[Raw data Boundary: Start]

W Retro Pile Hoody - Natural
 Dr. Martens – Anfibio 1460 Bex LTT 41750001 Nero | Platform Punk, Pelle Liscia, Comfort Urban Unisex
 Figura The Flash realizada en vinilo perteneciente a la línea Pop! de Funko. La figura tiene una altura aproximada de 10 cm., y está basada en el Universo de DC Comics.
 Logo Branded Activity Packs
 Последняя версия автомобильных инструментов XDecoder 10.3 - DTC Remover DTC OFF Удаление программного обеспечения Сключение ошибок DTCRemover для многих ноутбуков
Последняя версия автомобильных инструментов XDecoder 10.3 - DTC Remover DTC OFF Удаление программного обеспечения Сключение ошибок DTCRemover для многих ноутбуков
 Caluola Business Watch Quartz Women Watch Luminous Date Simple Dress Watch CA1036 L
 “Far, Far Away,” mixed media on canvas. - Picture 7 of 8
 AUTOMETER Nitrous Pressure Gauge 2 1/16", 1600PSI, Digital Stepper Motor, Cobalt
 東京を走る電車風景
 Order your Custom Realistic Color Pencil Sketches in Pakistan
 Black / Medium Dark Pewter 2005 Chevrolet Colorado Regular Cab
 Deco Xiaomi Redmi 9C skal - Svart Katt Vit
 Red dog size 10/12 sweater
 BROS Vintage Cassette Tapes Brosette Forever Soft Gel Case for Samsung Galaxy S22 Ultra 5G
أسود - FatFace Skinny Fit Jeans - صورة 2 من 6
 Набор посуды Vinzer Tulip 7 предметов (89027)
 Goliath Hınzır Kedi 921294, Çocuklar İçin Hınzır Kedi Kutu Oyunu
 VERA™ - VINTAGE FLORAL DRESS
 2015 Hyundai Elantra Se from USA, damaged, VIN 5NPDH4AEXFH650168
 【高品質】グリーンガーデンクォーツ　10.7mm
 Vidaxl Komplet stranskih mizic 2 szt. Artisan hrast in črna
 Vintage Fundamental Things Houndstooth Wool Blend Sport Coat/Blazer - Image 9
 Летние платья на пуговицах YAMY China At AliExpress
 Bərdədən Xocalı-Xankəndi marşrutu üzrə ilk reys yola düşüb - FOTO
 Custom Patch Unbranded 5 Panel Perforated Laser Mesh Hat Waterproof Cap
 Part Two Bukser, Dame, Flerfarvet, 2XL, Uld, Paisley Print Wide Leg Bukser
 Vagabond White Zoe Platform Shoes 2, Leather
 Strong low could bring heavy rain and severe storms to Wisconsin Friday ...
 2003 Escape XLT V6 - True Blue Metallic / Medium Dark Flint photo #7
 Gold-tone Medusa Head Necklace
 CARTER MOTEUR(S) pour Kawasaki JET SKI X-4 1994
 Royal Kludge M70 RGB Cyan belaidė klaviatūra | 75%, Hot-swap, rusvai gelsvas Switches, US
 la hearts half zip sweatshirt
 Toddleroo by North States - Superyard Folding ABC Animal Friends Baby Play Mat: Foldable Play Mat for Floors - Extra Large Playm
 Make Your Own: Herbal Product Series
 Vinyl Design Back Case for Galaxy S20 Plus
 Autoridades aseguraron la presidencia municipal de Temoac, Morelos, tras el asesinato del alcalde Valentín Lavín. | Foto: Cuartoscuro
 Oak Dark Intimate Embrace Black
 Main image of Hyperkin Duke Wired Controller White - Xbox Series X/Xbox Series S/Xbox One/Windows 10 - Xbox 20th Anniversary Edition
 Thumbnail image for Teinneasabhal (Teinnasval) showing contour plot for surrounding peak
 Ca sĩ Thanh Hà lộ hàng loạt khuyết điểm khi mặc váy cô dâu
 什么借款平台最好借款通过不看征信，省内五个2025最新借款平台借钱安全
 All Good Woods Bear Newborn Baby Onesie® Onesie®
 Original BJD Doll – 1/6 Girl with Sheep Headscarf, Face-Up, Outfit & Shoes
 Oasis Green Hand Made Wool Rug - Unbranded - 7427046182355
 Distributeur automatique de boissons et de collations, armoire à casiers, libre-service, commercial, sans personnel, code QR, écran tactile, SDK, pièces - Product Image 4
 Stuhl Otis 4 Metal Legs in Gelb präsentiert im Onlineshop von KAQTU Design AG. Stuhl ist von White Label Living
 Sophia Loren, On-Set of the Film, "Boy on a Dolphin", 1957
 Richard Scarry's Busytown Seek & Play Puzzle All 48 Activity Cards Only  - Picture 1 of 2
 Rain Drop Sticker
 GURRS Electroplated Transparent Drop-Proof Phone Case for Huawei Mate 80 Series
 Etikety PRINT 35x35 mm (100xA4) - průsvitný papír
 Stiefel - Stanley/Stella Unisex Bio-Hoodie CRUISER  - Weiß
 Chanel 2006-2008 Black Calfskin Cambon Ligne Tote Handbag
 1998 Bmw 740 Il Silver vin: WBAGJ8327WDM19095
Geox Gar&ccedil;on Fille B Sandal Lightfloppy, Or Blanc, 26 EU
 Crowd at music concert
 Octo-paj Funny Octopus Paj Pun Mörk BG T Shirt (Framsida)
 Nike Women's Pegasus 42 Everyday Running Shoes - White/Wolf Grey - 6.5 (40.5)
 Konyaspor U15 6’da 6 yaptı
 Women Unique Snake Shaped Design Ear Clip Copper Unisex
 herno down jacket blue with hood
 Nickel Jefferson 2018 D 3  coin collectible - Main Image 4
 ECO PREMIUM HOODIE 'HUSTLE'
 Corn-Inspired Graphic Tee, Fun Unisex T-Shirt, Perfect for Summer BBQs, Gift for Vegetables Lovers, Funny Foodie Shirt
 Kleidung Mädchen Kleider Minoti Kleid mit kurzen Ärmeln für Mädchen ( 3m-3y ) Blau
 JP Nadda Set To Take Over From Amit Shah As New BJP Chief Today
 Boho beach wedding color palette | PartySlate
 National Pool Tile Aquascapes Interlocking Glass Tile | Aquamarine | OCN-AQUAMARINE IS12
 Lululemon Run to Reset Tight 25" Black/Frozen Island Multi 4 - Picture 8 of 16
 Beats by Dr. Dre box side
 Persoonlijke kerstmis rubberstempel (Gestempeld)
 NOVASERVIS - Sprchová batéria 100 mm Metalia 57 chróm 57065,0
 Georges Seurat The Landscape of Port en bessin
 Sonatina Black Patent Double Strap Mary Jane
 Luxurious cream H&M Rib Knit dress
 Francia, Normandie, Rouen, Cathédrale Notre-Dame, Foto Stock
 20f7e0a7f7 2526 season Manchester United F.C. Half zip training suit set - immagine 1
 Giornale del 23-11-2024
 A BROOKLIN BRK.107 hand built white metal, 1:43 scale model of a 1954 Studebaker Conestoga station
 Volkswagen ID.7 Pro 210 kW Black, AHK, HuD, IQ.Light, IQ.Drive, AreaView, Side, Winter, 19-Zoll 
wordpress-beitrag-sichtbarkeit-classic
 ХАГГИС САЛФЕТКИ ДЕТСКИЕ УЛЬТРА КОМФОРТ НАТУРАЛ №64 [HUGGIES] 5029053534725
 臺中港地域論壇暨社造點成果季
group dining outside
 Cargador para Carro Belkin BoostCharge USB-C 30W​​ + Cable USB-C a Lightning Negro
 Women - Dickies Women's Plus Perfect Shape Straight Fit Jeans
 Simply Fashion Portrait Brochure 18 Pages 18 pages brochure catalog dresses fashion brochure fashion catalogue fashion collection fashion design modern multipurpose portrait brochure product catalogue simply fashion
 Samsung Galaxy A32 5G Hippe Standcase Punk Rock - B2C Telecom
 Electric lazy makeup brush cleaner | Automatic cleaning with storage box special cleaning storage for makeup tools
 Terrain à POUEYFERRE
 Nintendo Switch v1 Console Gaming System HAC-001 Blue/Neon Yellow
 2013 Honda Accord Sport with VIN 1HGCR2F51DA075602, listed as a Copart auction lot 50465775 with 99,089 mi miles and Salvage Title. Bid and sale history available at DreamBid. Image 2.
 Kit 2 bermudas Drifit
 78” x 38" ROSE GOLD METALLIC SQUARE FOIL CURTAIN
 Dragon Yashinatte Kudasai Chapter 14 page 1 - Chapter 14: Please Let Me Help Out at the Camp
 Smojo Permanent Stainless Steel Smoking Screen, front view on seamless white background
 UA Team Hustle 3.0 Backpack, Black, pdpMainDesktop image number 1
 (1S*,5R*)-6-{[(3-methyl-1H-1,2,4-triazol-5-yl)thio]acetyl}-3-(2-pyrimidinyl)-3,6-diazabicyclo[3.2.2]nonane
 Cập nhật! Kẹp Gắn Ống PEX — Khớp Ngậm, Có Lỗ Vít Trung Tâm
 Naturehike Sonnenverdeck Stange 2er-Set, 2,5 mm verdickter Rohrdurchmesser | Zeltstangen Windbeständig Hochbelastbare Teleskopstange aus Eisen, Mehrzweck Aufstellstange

[Raw data Boundary: End]

> _What needs to be done_: For every line above that includes the string "Custom", copy the line.

> _Written reply_:
 Order your Custom Realistic Color Pencil Sketches in Pakistan
 Custom Patch Unbranded 5 Panel Perforated Laser Mesh Hat Waterproof Cap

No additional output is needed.